_Entries shown_:
*** Block opens ***

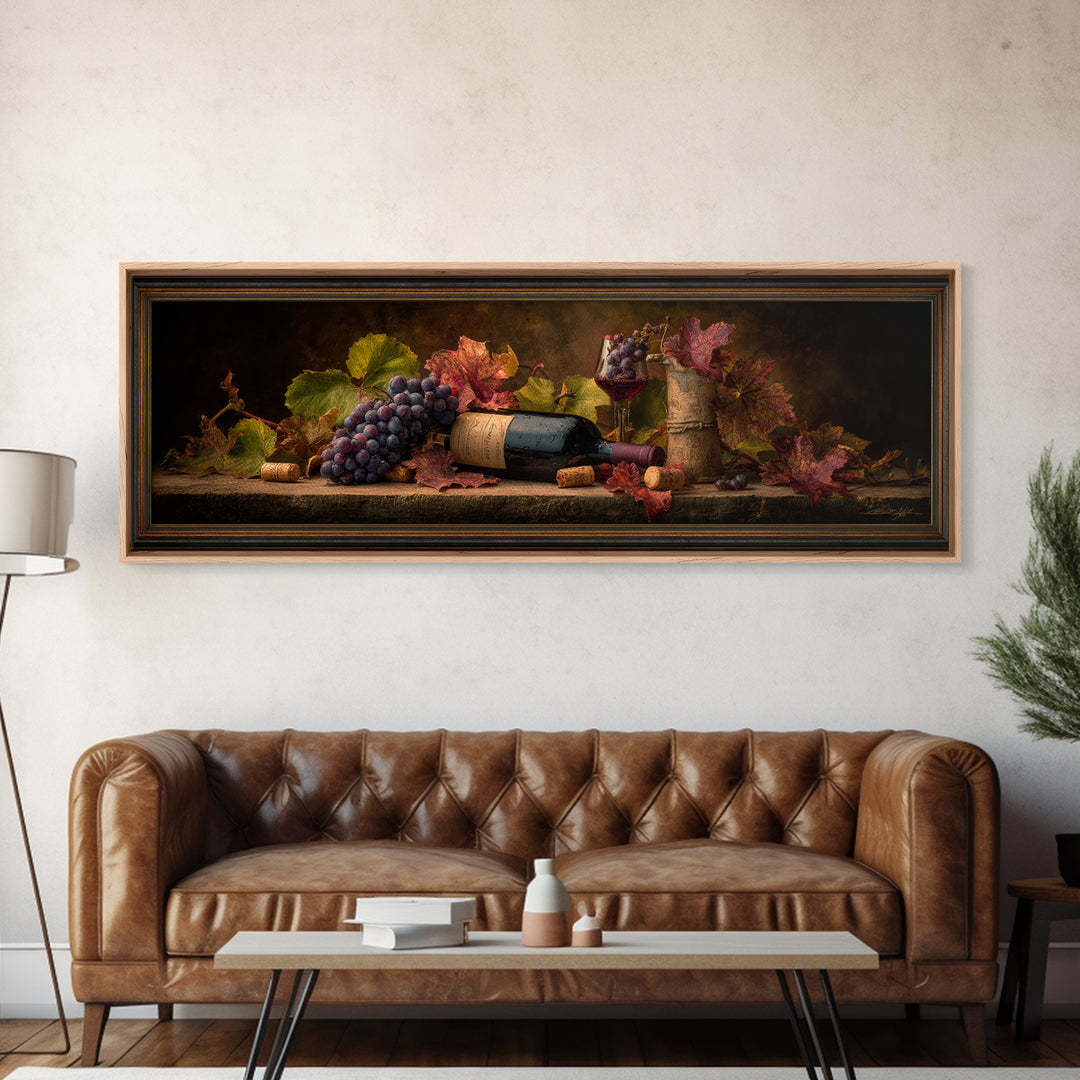 Vine Leaves Turning Autumn Red and Gold Canvas Print, Winery Art, Framed Art, Winery Decor, Fine Art, Vineyard, Landscape Art, WIN-3x1-75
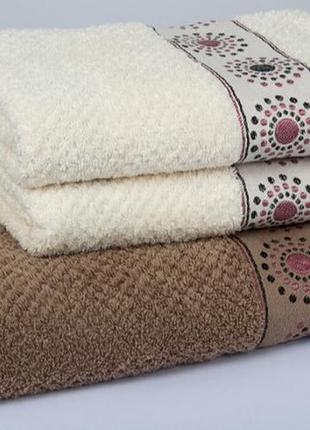 Набор 3 шт. полотенец хлопок в коробке romeo soft - style молочный 50*90(2)+ кофе 70*140(1) рушник бавовна в коробці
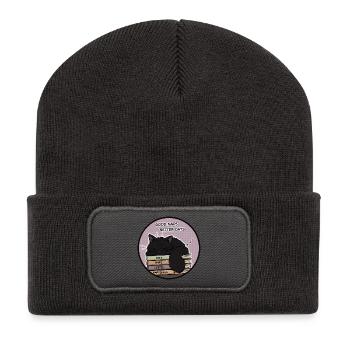 Gemütliche Katzennickerchen und Kaffee - Recycelte Patch Beanie - Dunkelgrau - Vorne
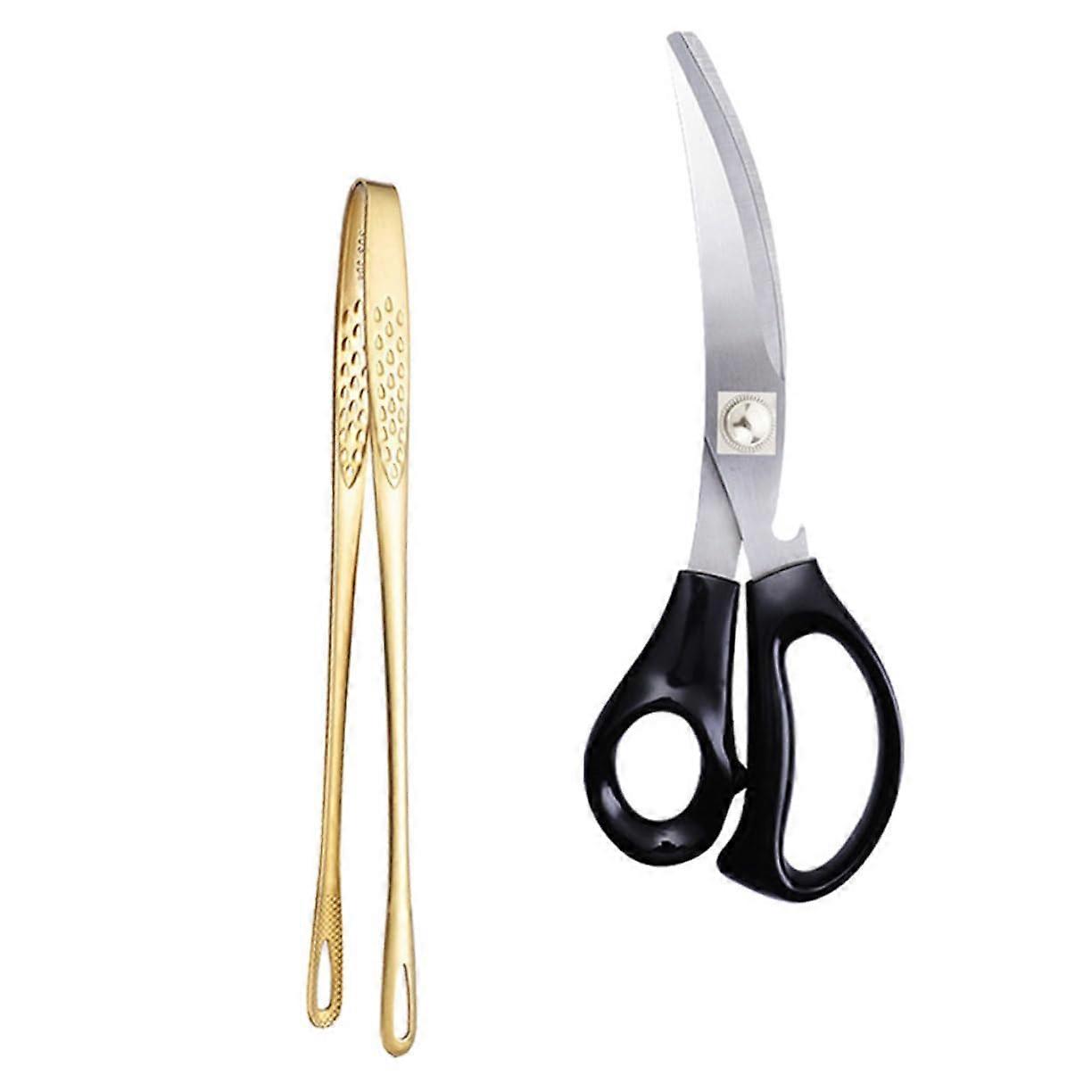 Stainless Steel Barbecue Tongs Set with Kitchen Scissors, Utility Meat Cutting Tool in Assorted Colours for Korean Cooking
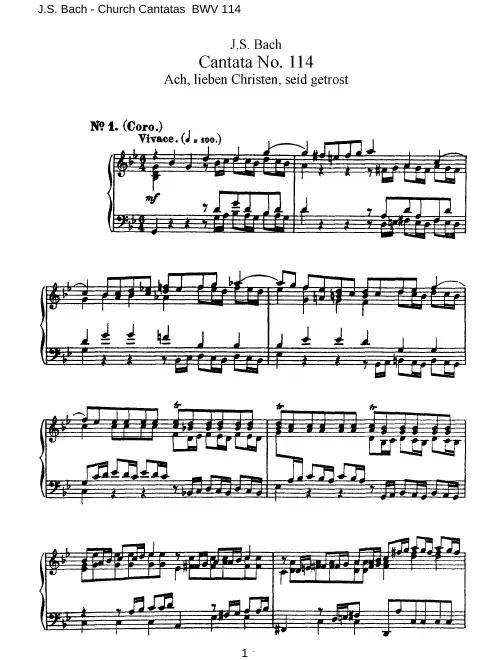First page of Ach, lieben Christen, seid getrost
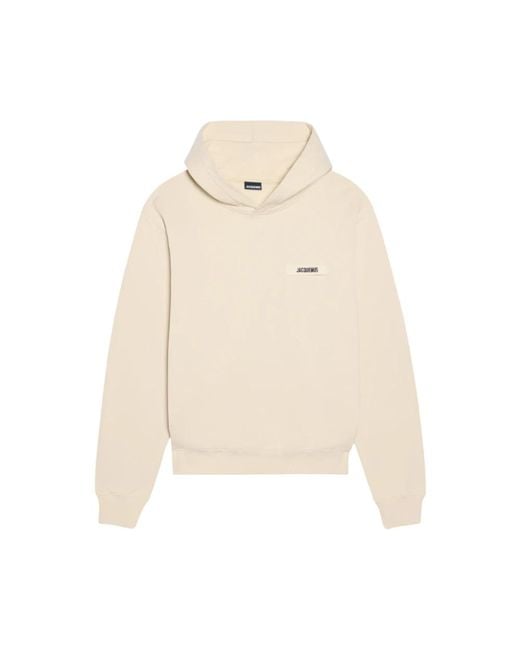 Jacquemus Gros Grain Logo Hoodie in het Natural voor heren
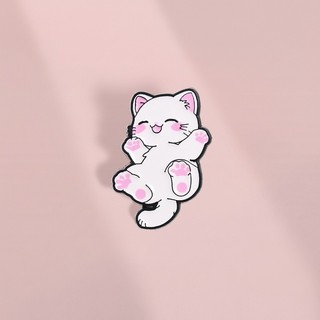 Dễ thương màu hồng trắng, huy hiệu kim loại sáng tạo cá tính với hình mèo paw - phụ kiện thời trang và quà tặng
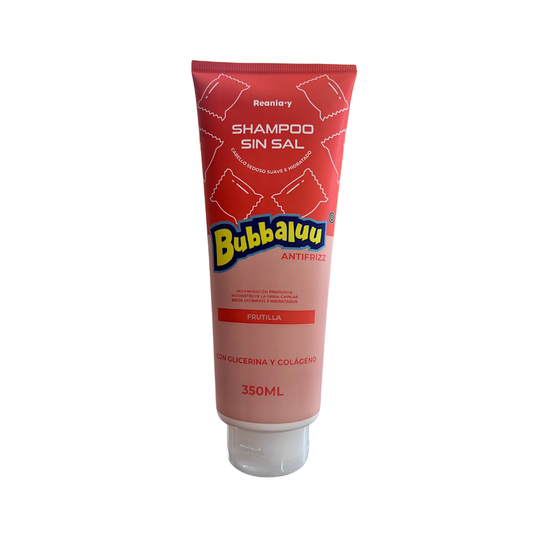 Shampoo Bubbaluu Antifrizz aroma a frutilla con glicerina y colágeno 330 ml.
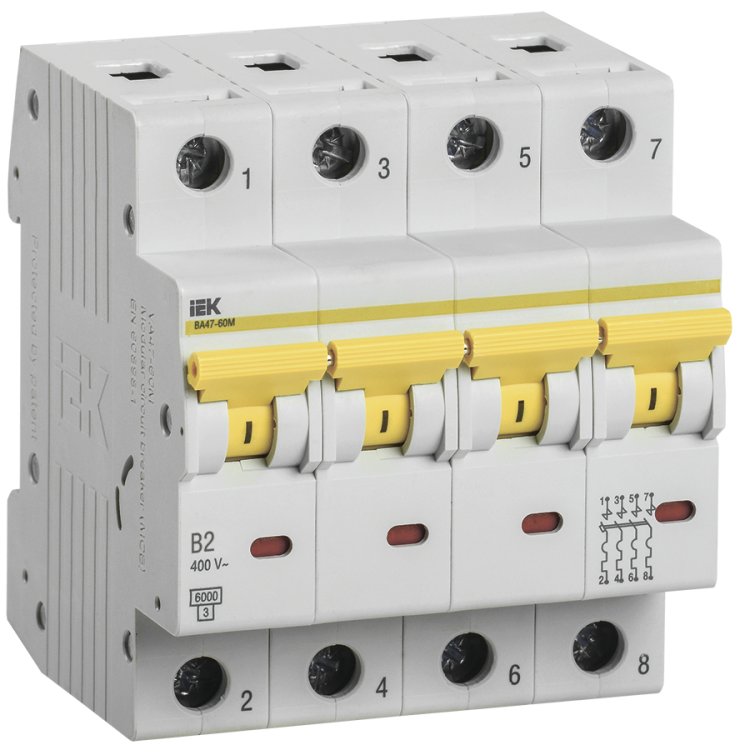 IEK Авт.выкл. ВА 47-60 4Р 2А 6 кА х-ка B (MVA41-4-002-B) превью в интернет-магазине электрики Форум Электро в Москве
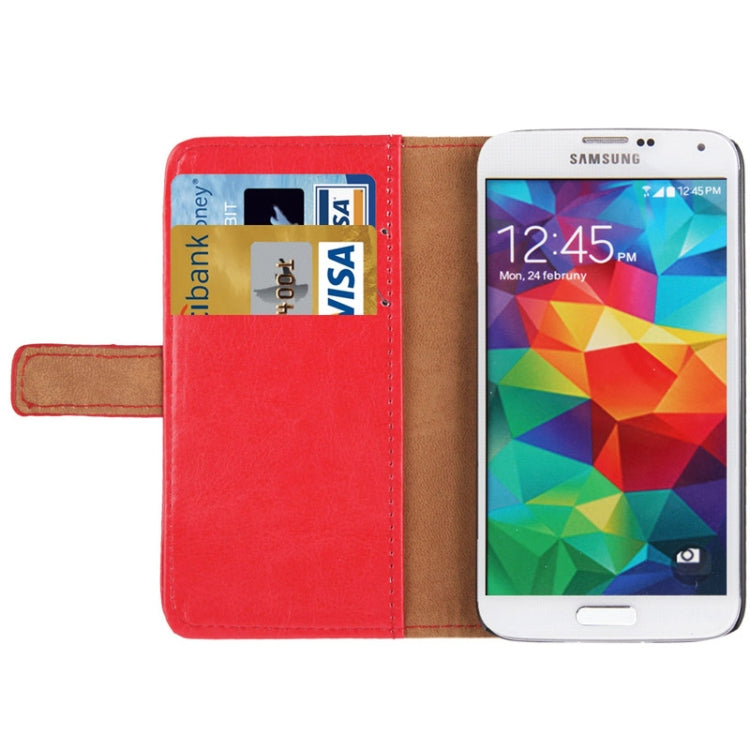 Crazy Horse Texture Leather Case with Credit Card Slot & Holder for Galaxy S5 / G900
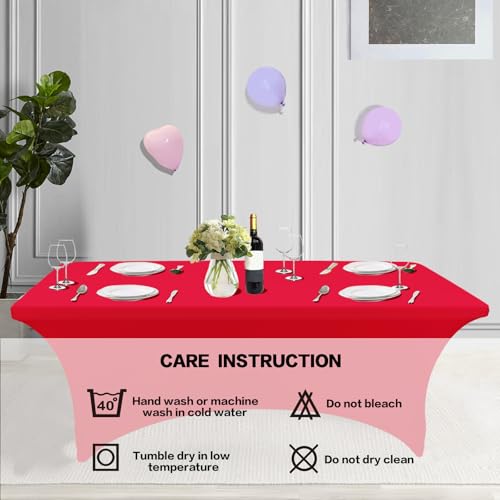 IVAPUPU 2 Pack 6FT Table Cloth for Rectangular Fitted Events Stretch Red Table Covers Washable Spandex Tablecloth Protector for Party, Wedding, Cocktail, Banquet, Festival - Image 5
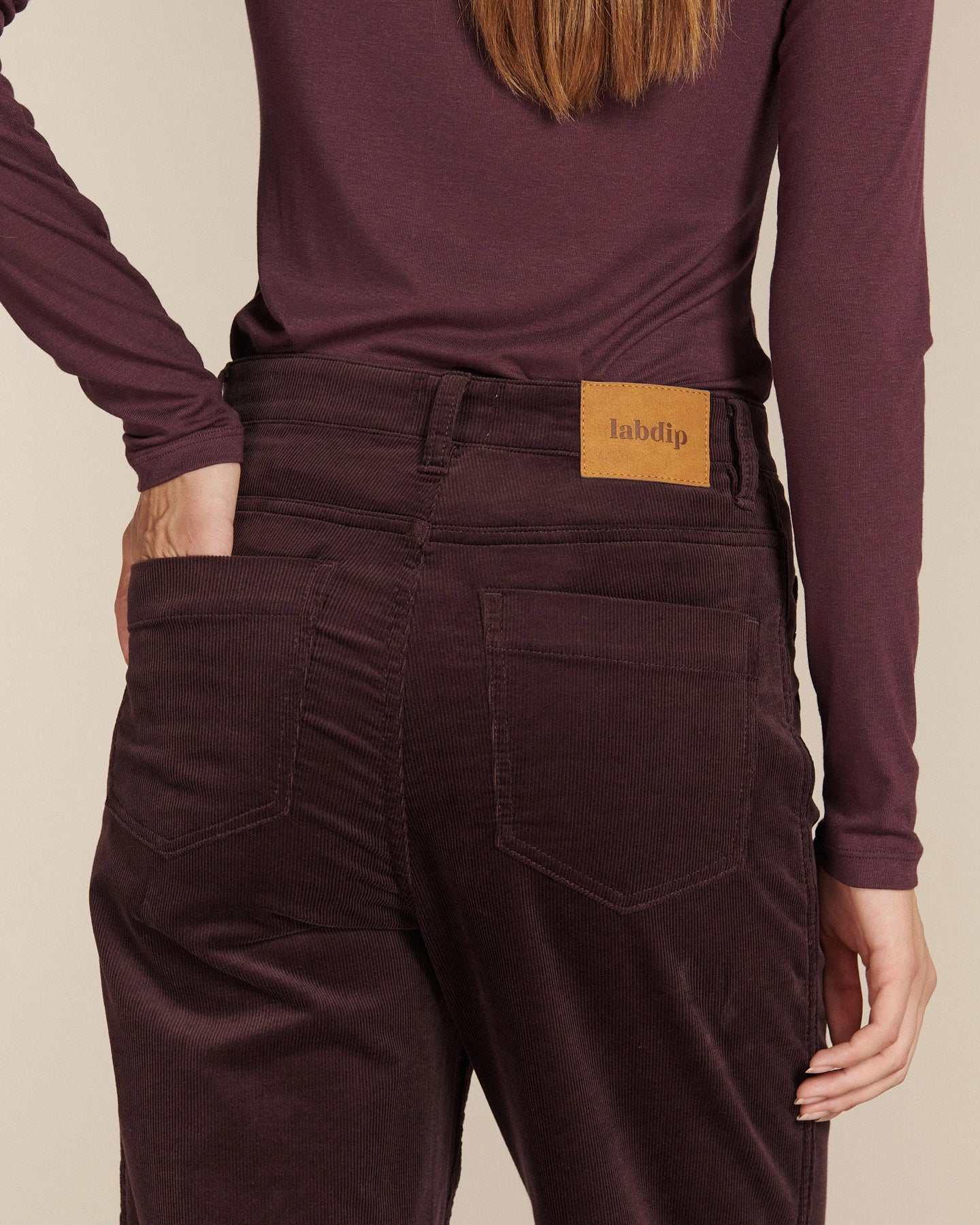 Labdip Samuel pantalon velours berry taille haute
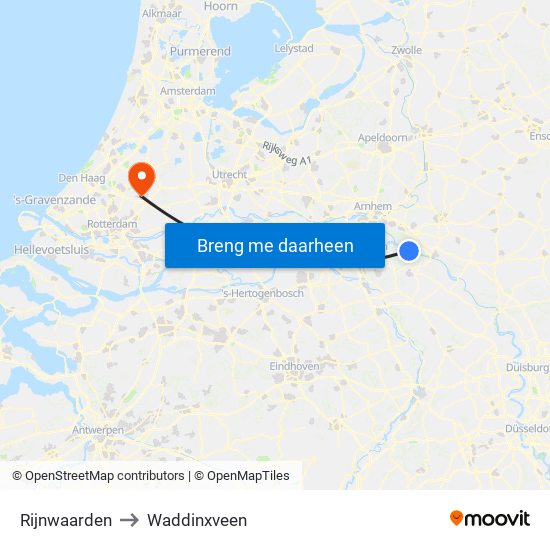 Rijnwaarden to Waddinxveen map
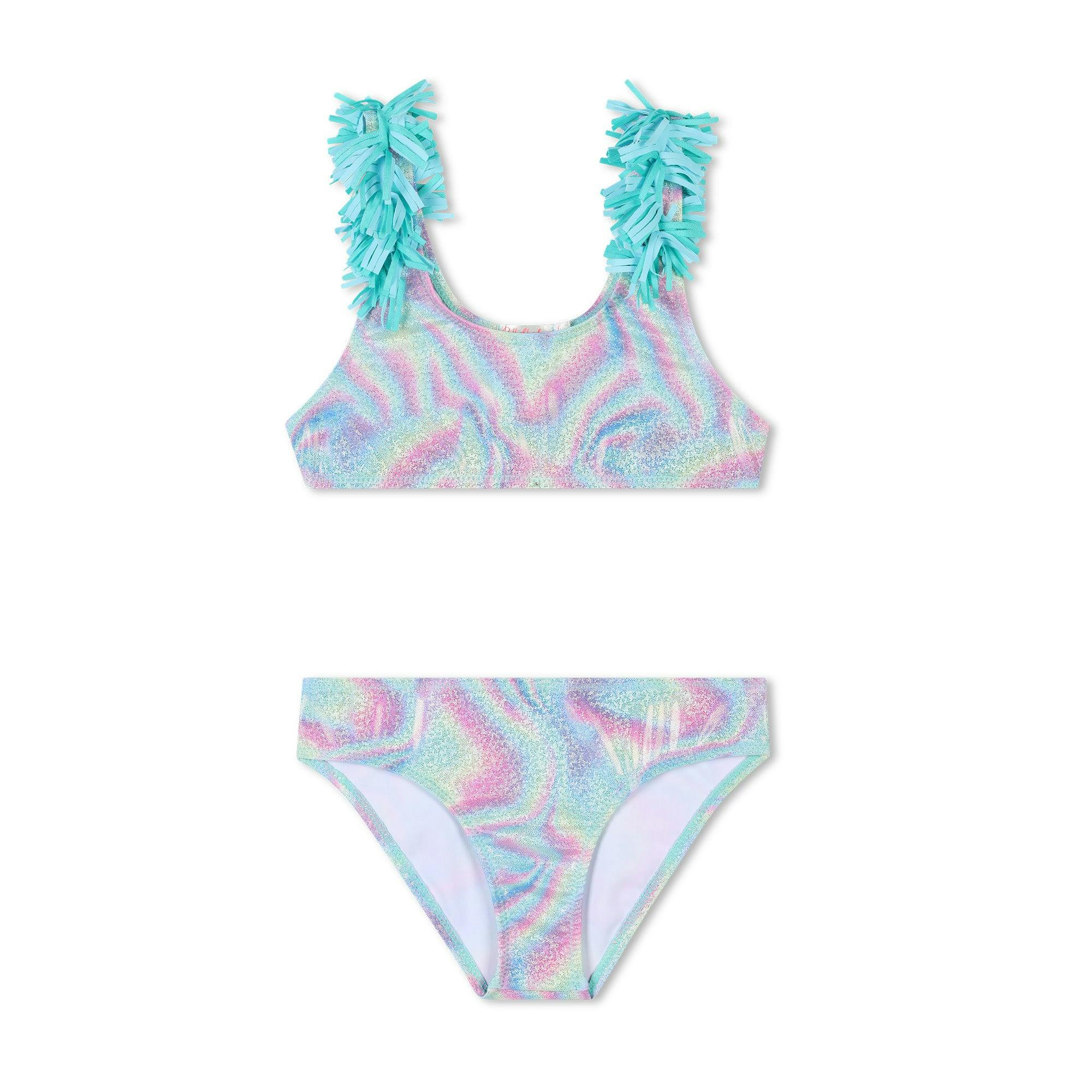Blue Beach Glass Ruffle Trim Bikini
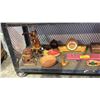 Image 2 : SHELF OF ASSORTED WOOD DECOR: MANTLE CLOCK, DECORATIVE SPOON, LARGE PAINTED BOWL & MORE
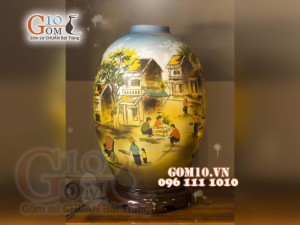 Đèn thấu quang họa tiết Phố Cổ, cao 62cm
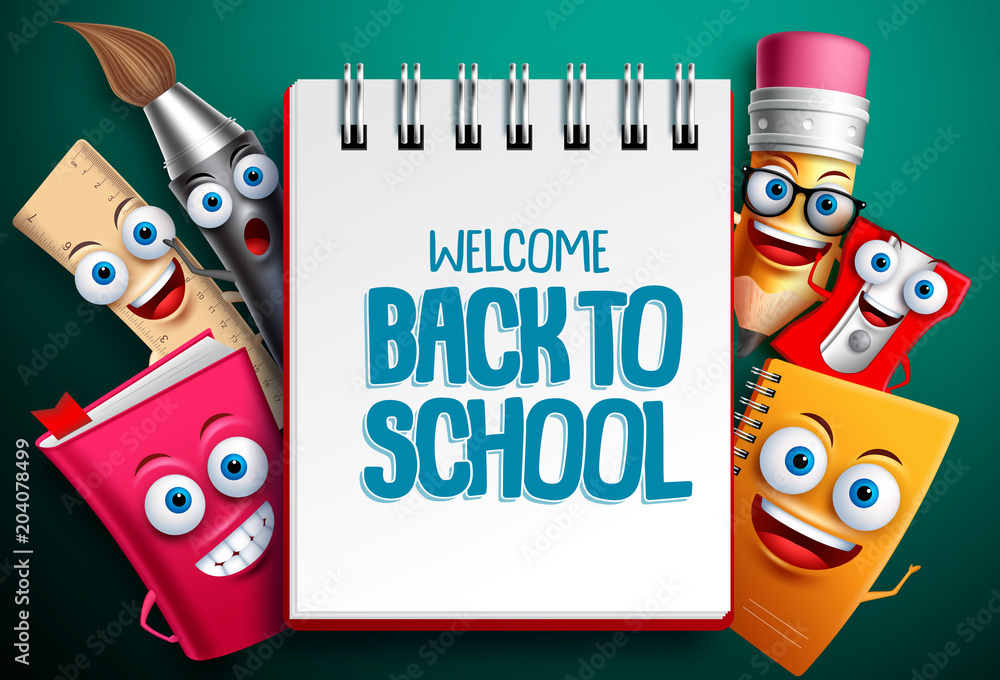 Poster back to school vector characters background template with white empty space for educational text and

*** Block closes ***

Repeat, exactly and in full, every entry in the data, but not the pictures.

_Task output_:
 Vine Leaves Turning Autumn Red and Gold Canvas Print, Winery Art, Framed Art, Winery Decor, Fine Art, Vineyard, Landscape Art, WIN-3x1-75
 Набор 3 шт. полотенец хлопок в коробке romeo soft - style молочный 50*90(2)+ кофе 70*140(1) рушник бавовна в коробці
 Gemütliche Katzennickerchen und Kaffee - Recycelte Patch Beanie - Dunkelgrau - Vorne
 Stainless Steel Barbecue Tongs Set with Kitchen Scissors, Utility Meat Cutting Tool in Assorted Colours for Korean Cooking
First page of Ach, lieben Christen, seid getrost
 Jacquemus Gros Grain Logo Hoodie in het Natural voor heren
 Dễ thương màu hồng trắng, huy hiệu kim loại sáng tạo cá tính với hình mèo paw - phụ kiện thời trang và quà tặng
 Shampoo Bubbaluu Antifrizz aroma a frutilla con glicerina y colágeno 330 ml.
 IEK Авт.выкл. ВА 47-60 4Р 2А 6 кА х-ка B (MVA41-4-002-B) превью в интернет-магазине электрики Форум Электро в Москве
 Crazy Horse Texture Leather Case with Credit Card Slot & Holder for Galaxy S5 / G900
 IVAPUPU 2 Pack 6FT Table Cloth for Rectangular Fitted Events Stretch Red Table Covers Washable Spandex Tablecloth Protector for Party, Wedding, Cocktail, Banquet, Festival - Image 5
 Labdip Samuel pantalon velours berry taille haute
 Rijnwaarden to Waddinxveen map
Blue Beach Glass Ruffle Trim Bikini
 Image 2 : SHELF OF ASSORTED WOOD DECOR: MANTLE CLOCK, DECORATIVE SPOON, LARGE PAINTED BOWL & MORE
 Đèn thấu quang họa tiết Phố Cổ, cao 62cm
 Poster back to school vector characters background template with white empty space for educational text and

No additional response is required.